Beast, Rider, and Marshall: How to Get Control of Yourself
Disclaimer: this post contains affiliate links. If you click on them and buy the products, I’ll get a cut of the profit.
The secret to self-improvement, in my opinion, lies in the fact that we are not animals.
“What! Yes we are! We’re descended from the great ape!”
Nope. If that were true, we would still be running through the savannahs of Africa, trying not to get eaten by lions.
The goal of Distracted Fortune is to track my own progress toward incredible wealth, and use that experience to help you do the same. You, Dear Reader, get to learn from both my successes and my failures.
One thing that is becoming clear to me is that true success is 10% luck, 20% circumstances, and 70% personal self development.
This article will detail a concept I maintain, that helps me keep perspective when I inevitably fall off the horse.
The Tripartite Self
A person is made up of three entities. I’ve found the best way to see these three entities is to imagine them as the Beast, the Rider, and the Marshall.

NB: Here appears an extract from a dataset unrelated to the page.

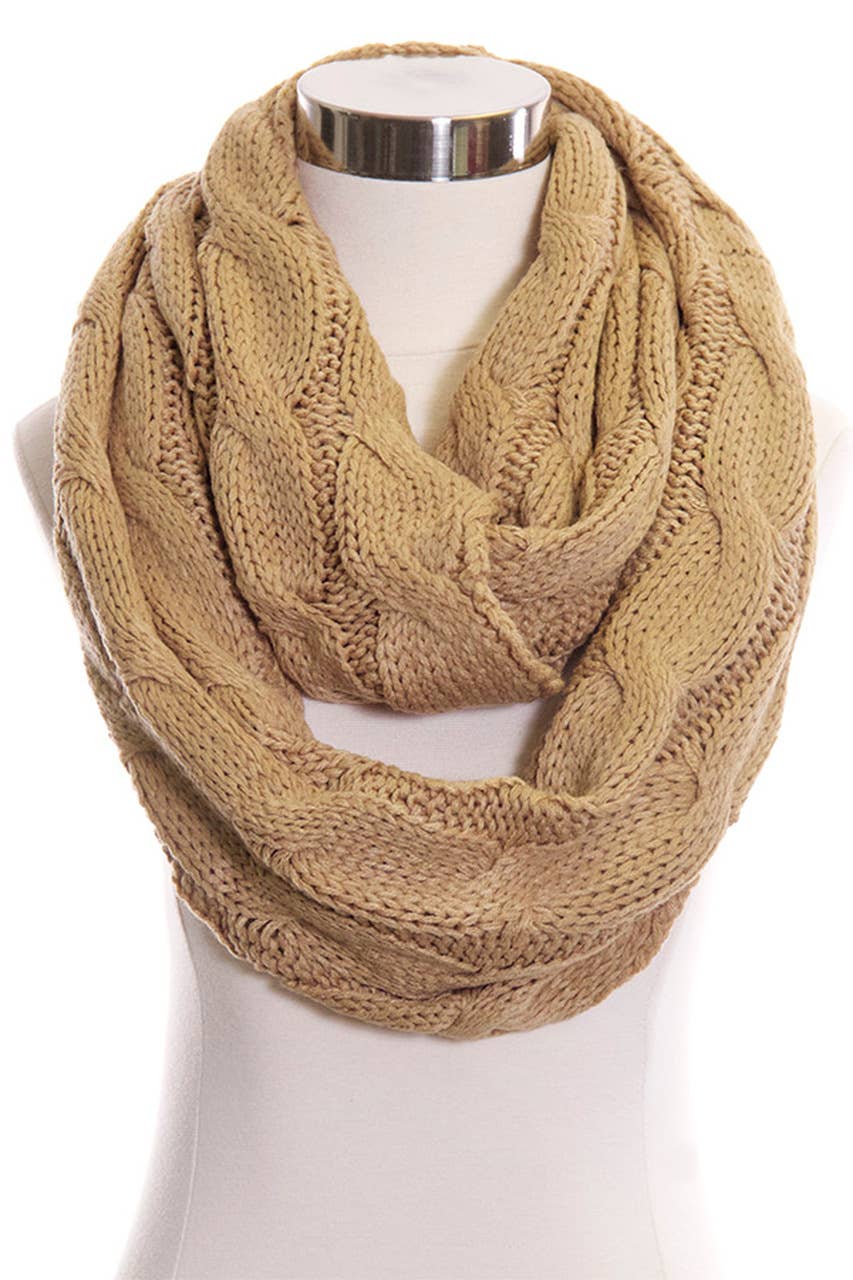 C.C Knitted Scarf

The idea isn’t original with me. Experts in psychology have come up with similar constructs in the past. For Sigmund Freud, there was the Id, the Ego, and the Superego; for Plato, there was the Appetite, the Reason, and the Spirit; and there are others with similar concepts.
Here is a summary of how I envision these three entities:
- The Beast
The first entity is the one who eats crap, scrolls through endless feeds, and is dazzled by flashy things. It’s also the one who brushes your teeth in the morning, who remembers to wipe well after taking a dump, and checks your blind spot before changing lanes.

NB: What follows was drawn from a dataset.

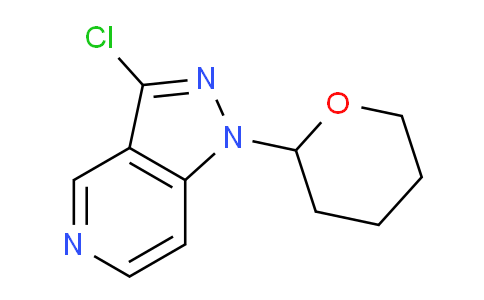 CAS No. 1416714-46-9, 3-Chloro-1-(tetrahydro-2H-pyran-2-yl)-1H-pyrazolo[4,3-c]pyridine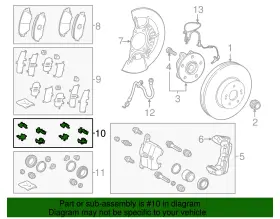 04947-33281 Toyota Genuine Brake Pads Hardware Kit #2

This is the chimp that climbed down from the trees so long ago.
In a very real way, I think this creature is an animal. Animals are not stupid, but they function based on innate ability and instinct. Animals can be trained to do incredible things, but they can’t decide to train themselves to do incredible things. They require a person to do the training.
Animals are limited to a small range around their innate abilities.
- The Rider
The second entity is the one who gets the Beast to wash its hands after using the bathroom, the one who gets it to eat a salad before the lasagna, and the one who remembers to call your mom today. The Rider is the responsible one, who gets the Beast to do things that are good for you and for others.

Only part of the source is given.